Insight to factors limiting enzymatic hydrolysis of cellulose-rich substrates

The slow release of monomeric sugars during enzymatic hydrolysis is the major obstacle to large-scale implementation of biorefineries due to high cost of enzymes. Enzymatic hydrolysis of lignocellulosic biomass is often incomplete and, therefore, it is of great importance to understand the limitations of the process. Among the limitations of enzymatic hydrolysis, structural properties of lignocellulose have an effect of enzymatic hydrolysis efficiency. In the current work, we used a combination of approaches to visualize and quantify the spatial polymer distribution in cellulosic substrates (derived from spruce pulp, cotton and Avicel, including preparation of nanocrystalline cellulose) and monitoring of interactions between cellulose degrading enzymes and the substrate.
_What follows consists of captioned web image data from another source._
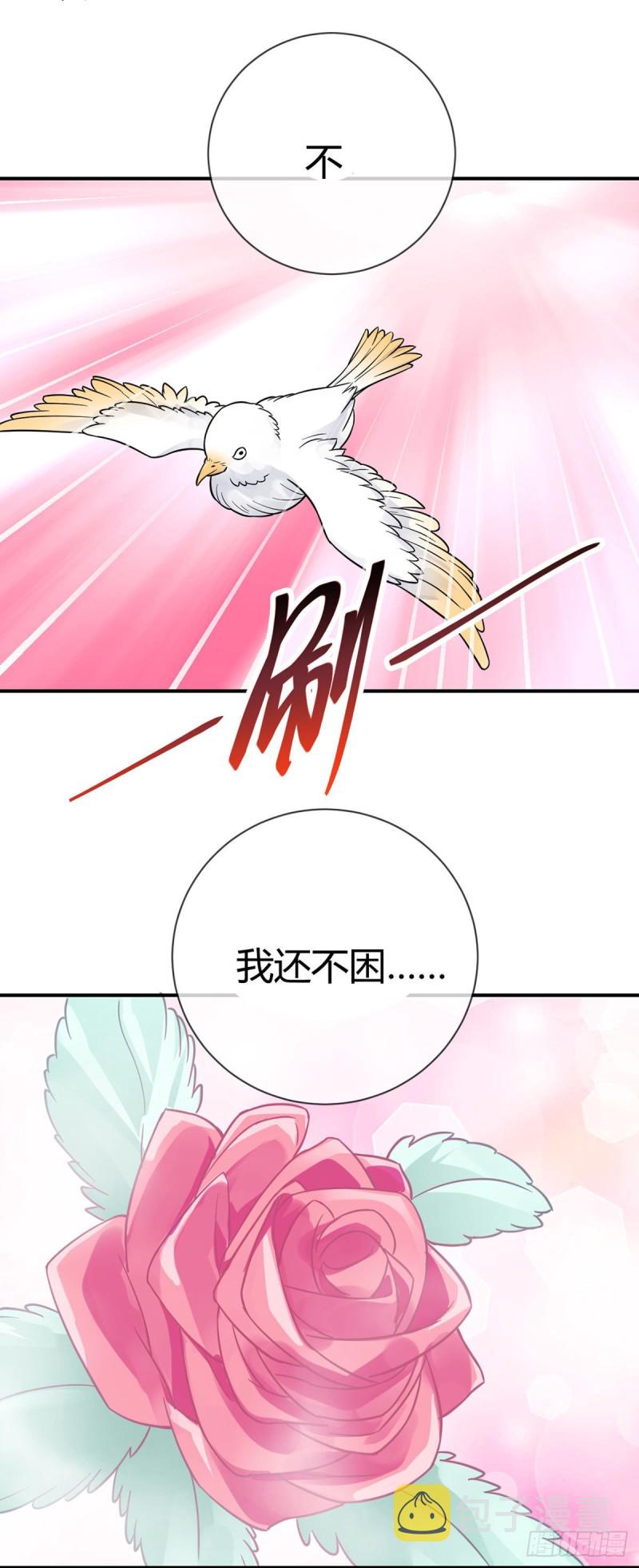 第68话 已婚男人不好当3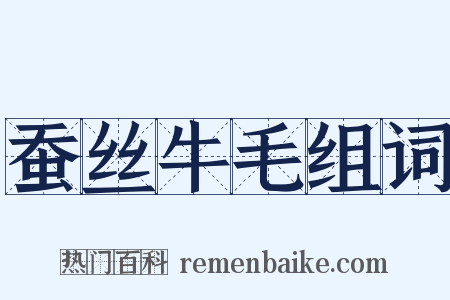 蚕丝牛毛组词是什么意思的图片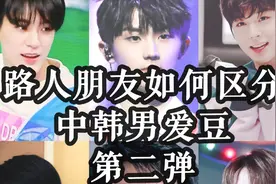 只看脸中韩男爱豆如何区别|路人朋友搞笑辨认2.0视频封面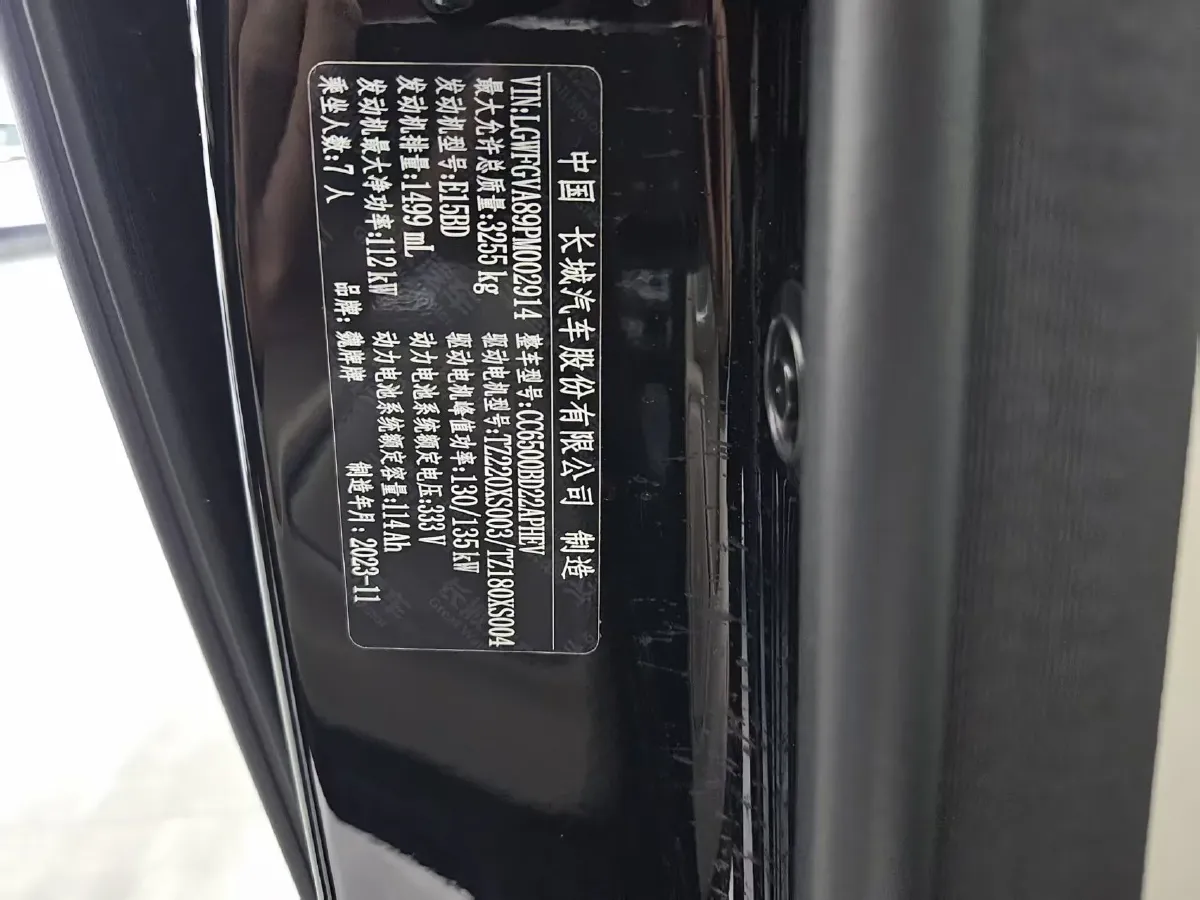 2024 Mercedes-Benz C Class 1.5T 204HP L4 9AT,autocango,china used car exporter,china ev exporter,chinese used car exporter,chinese used ev exporter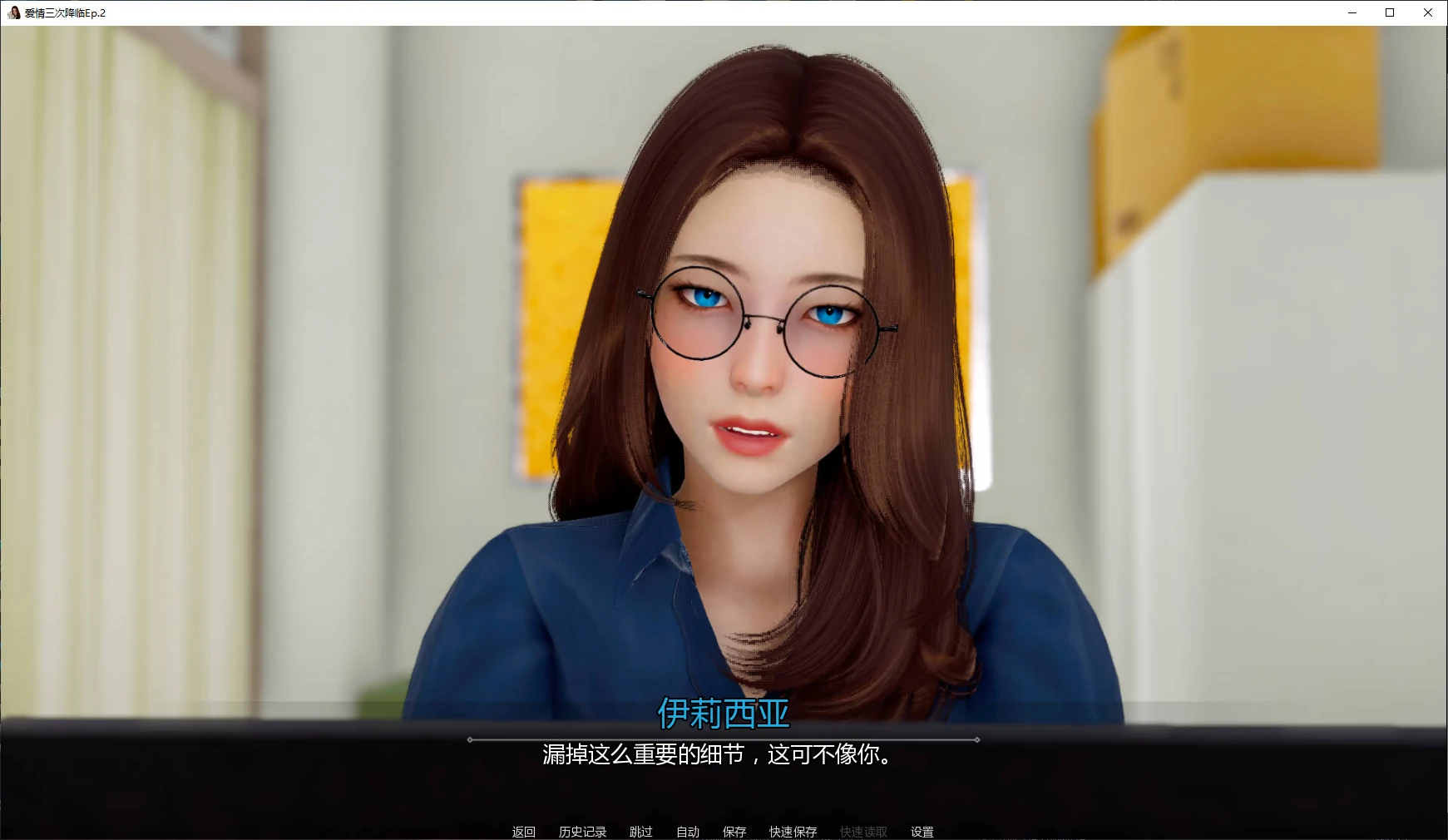 x8447爱情三次降临Ep.2 AI汉化版【PC+安卓/2.6G/更新】-ACG酷游乐园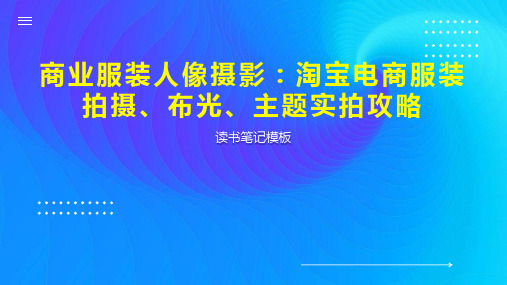 商业服装人像摄影：淘宝电商服装拍摄、布光、主题实拍攻略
The structural properties of the substrates during an incrementing time of hydrolysis were analyzed by solid-state cross-polarization magic angle spinning carbon-13 nuclear magnetic resonance (CP/MAS ¹³C-NMR), Coherent Anti-Stokes Raman Scattering (CARS) and Second Harmonic Generation (SHG) microscopy. We have analysed the characteristics of the complex supramolecular structure of cellulose on the nanometre scale in terms of the spatial distribution of fibrils and fibril aggregates, the accessible surface area and the crystallinity during enzymatic hydrolysis. Influence of the porosity of the substrates and the hydrolysability was also investigated. A strong correlation was found between the average pore size of the starting material and the enzymatic conversion yield. The degree of crystallinity was maintained during enzymatic hydrolysis of the cellulosic substrates.